Wednesday, February 27, 2019¶
Hamza started to do application development for Mathieu. This is a historic step for Lino as it is the first time that somebody other than me talks directly with a customer (and then implements the code changes).
This raised some questions about how to organize the documentation of our
work? At least the release notes and French docs for welcht are to be
maintained by Hamza They are currently in manuals/welfare_fr
, which is
rather disturbing. We started a new page of change notes for Welfare
(Changes).
And –what a coincidence!– at the same time a developer Marc Fargas from Spain (I don’t know him yet) tried to install Lino Welfare and posted an issue on GitHub. I fixed this issue and wrote installation instructions for Marc.
We could move manuals/welfare_fr
to the welfare repo into a folder
frdocs
. And manuals/welfare_de
should go to dedocs
.
This would be a solution at the moment, but imagine we get a third Lino Welfare customer. They would probably want their own variant (i.e. another application). Let’s say Sankt Vith. They will want release notes in German. And their release notes will be different from those for weleup.
It might sound like overkill at the moment, but I currently believe that we do
need two new repositories and Python packages lino_welcht
and
lino_weleup
, and lino_welfare
would contain only the shared code
for all Welfare applications. It would be a kind of “extended extension library”
About the difference between release notes and change notes.
Release notes are written for the customer, in the language of the customer,
and there is one page for every new version. A new version can mean months of
work and many changes. Release notes are stored in a file
docs/changes/X.Y.Z.rst
. We currently use date-based (not semantic)

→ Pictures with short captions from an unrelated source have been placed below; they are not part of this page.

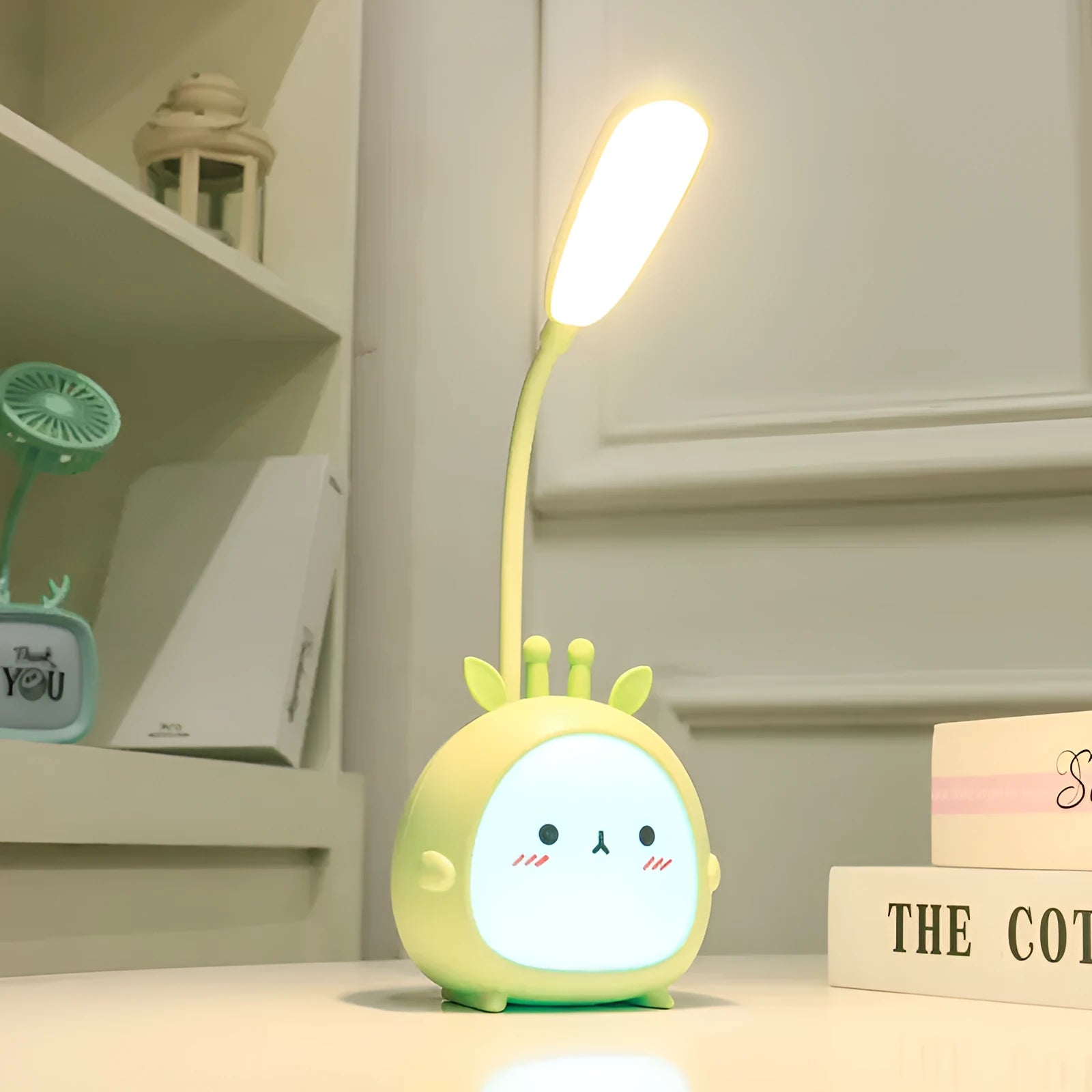 Cartoon deer USB charging folding LED reading lamp with plastic shade on desk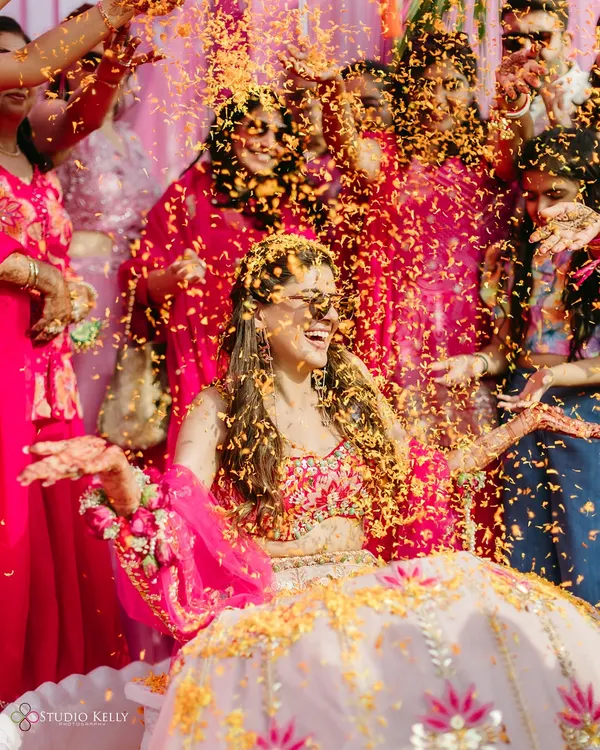 A bride's joyful laugh as she is showered with flower petals during her Haldi ceremony, a perfect candid moment.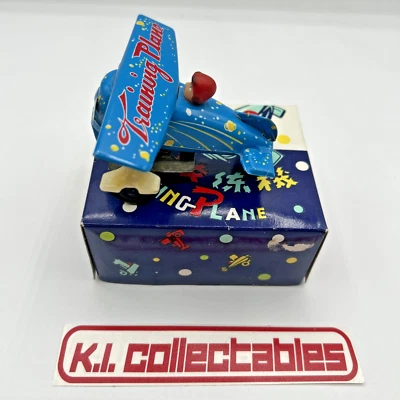 Avión de entrenamiento vintage litográfico verde cuerda MS01 + caja funciona Foto 1 de 4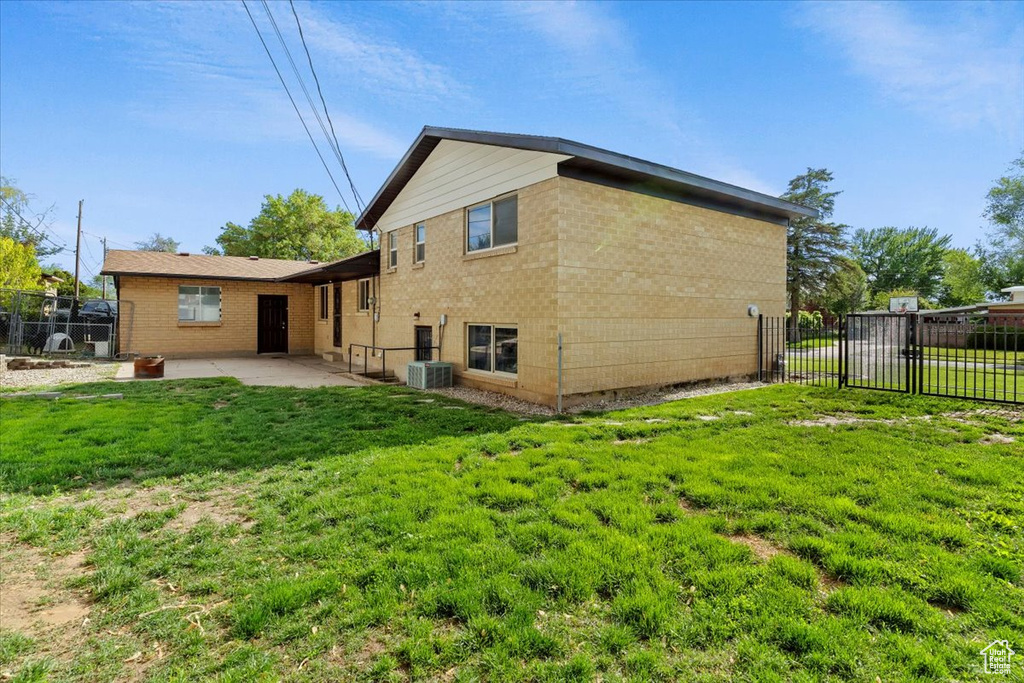 Rear view of property featuring a patio area, brick siding, and central AC unit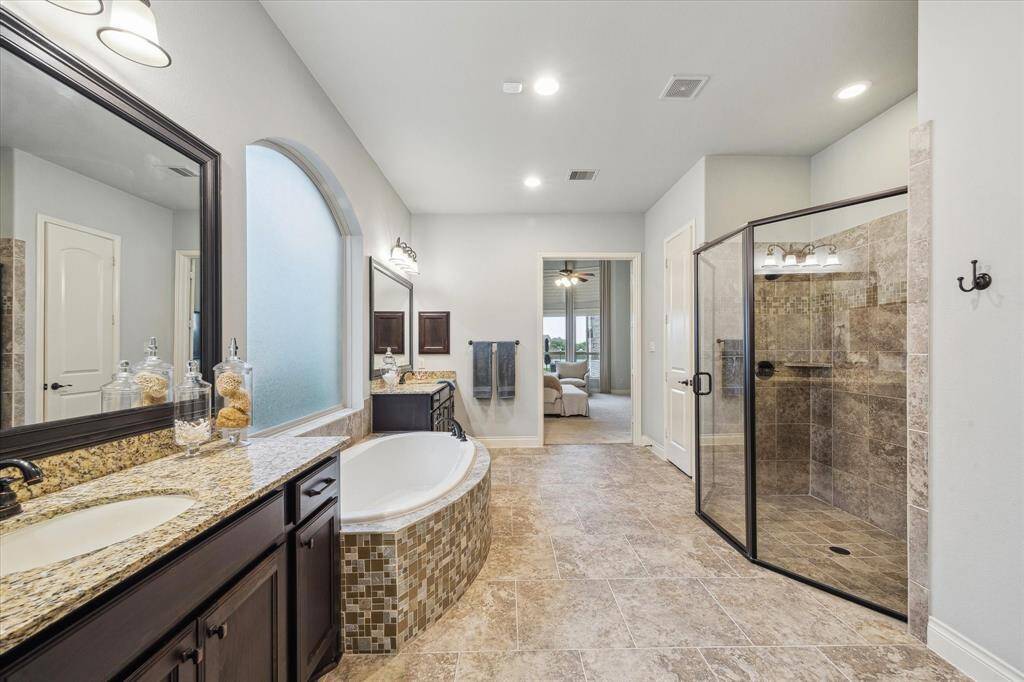 2 vanity sinks and lots of space throughout the primary bathroom.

versioning because there is no roadmap.
Change notes are written for the developers, in English, and there is one page
per year. Every commit should have at least two changed files: the source code
and a sentence in docs/changes/yyyy.rst
. Change notes are a bit
redundant with commit messages. But they have some advantages: You can modify
them later, e.g. when it turns out that a formulation was misleading. They can
use Sphinx reference system to link to the user manual or the specs. They can
summarize a series of commits.
Applications (weleup, welcht, cosi, tera…) have release notes, but libraries (atelier, lino, xl, welfare) have just change notes. Because the latter is less work, and because there is currently nobody except ourselves who would want to discuss about individual library releases.